● **Data extract**
________________________
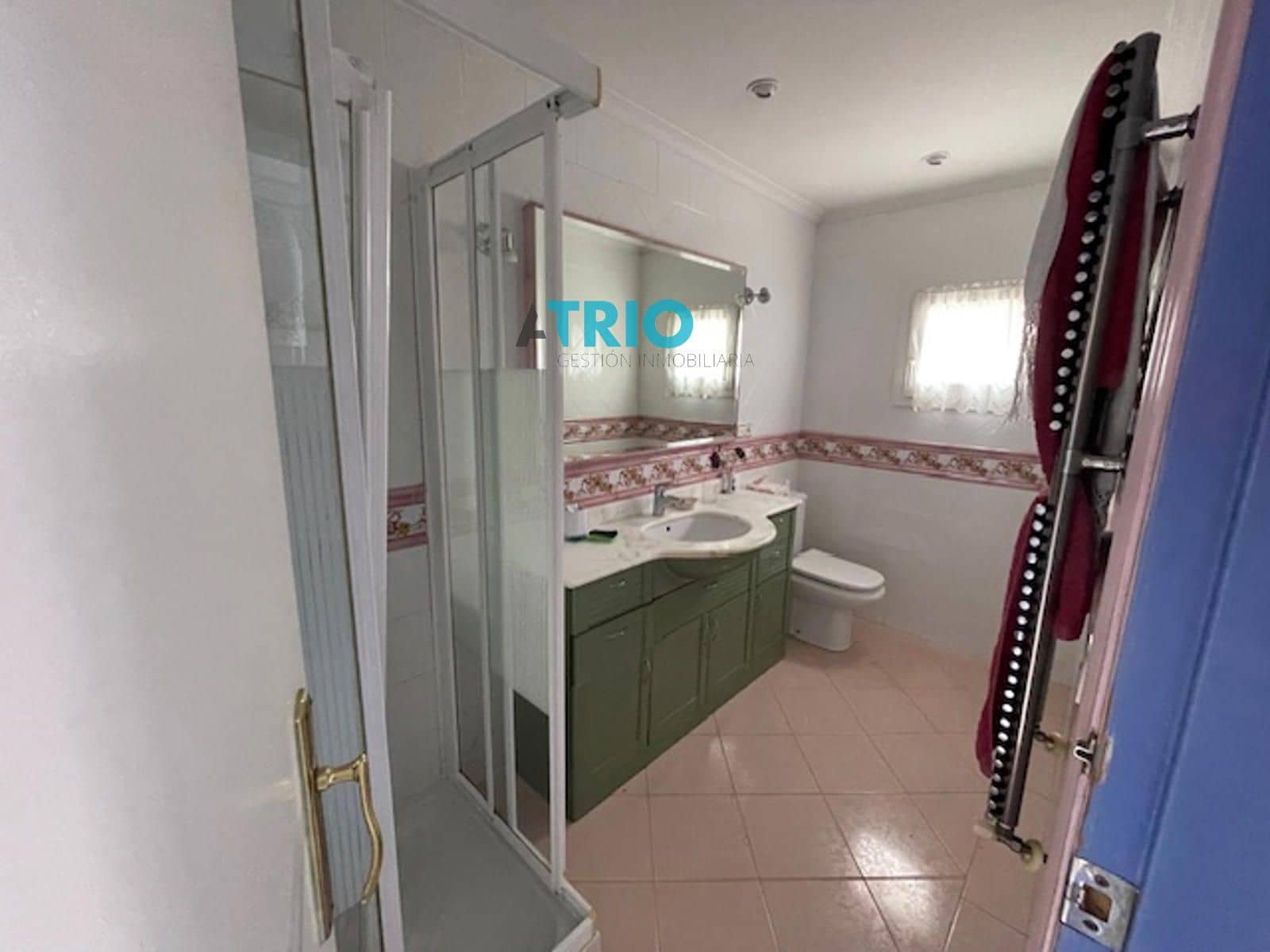 8 slaapkamer Villa te koop in Burgos stad - € 300.000 (Ref: 9331810)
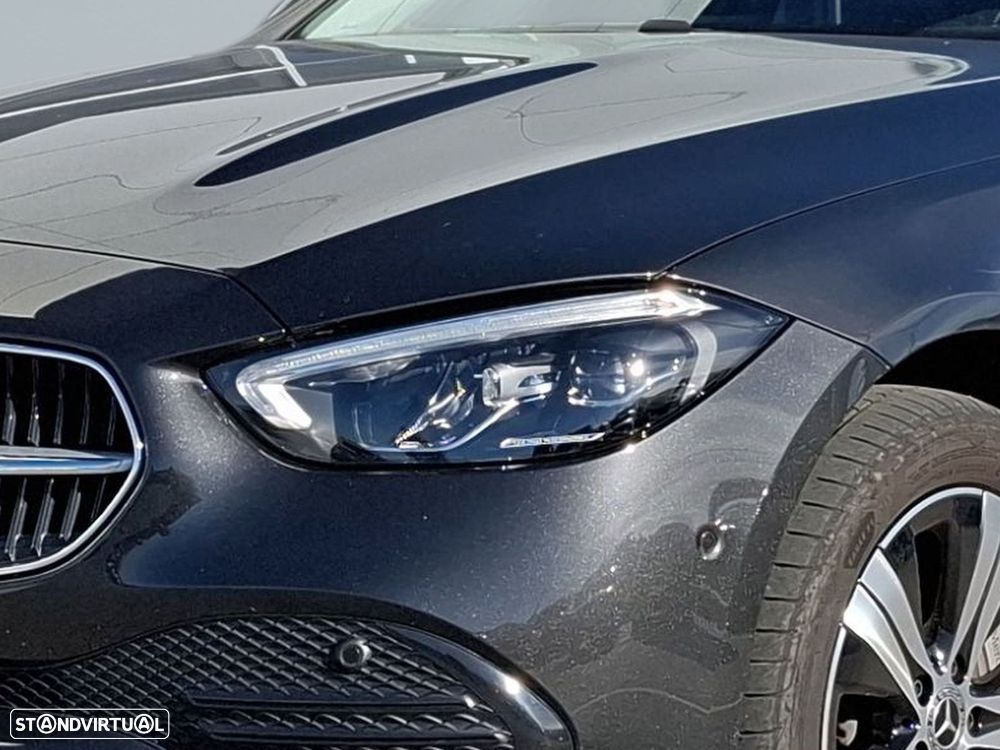 Mercedes-Benz C 300 e Avantgarde - 3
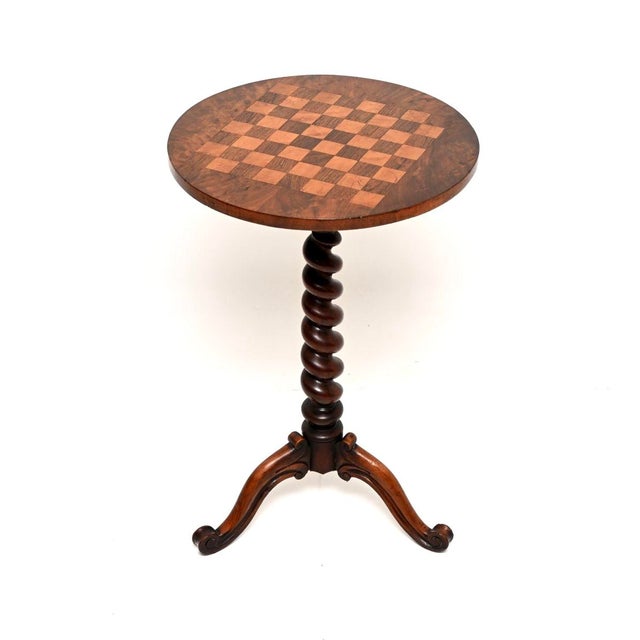A fantastic antique William IV inlaid walnut chess table. This was made in England, it dates from around the 1860-1880’s...
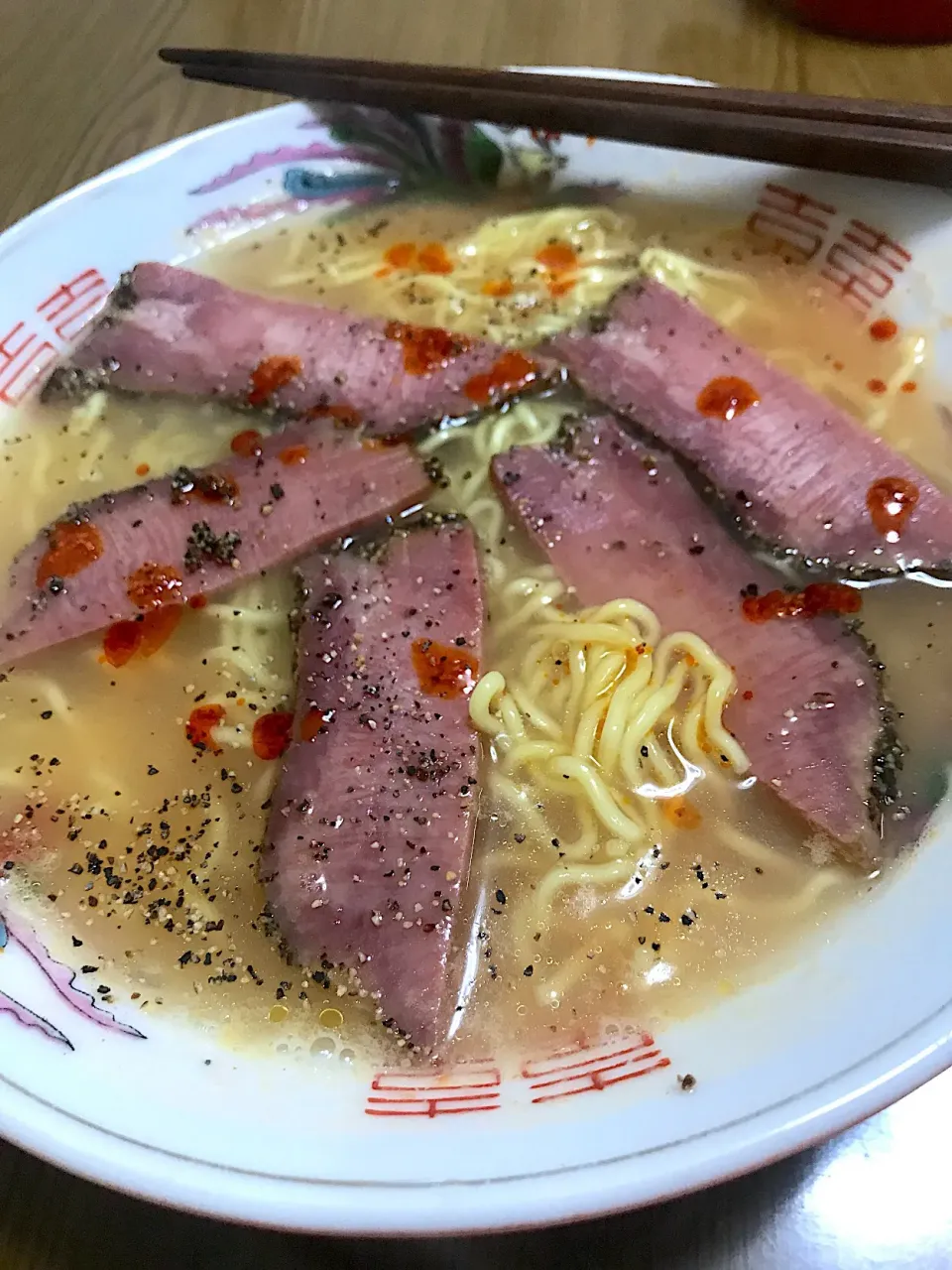 Snapdishの料理写真:牛タンラーメン🍜|wildcat山猫さん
________________________
● **Work instructions**
Write out an exact copy of the lines beginning at the line that contains "A fantastic antique" and ending at the last line of the listing. Exclude pictures.

● **Answer space**
A fantastic antique William IV inlaid walnut chess table. This was made in England, it dates from around the 1860-1880’s...
 Snapdishの料理写真:牛タンラーメン🍜|wildcat山猫さん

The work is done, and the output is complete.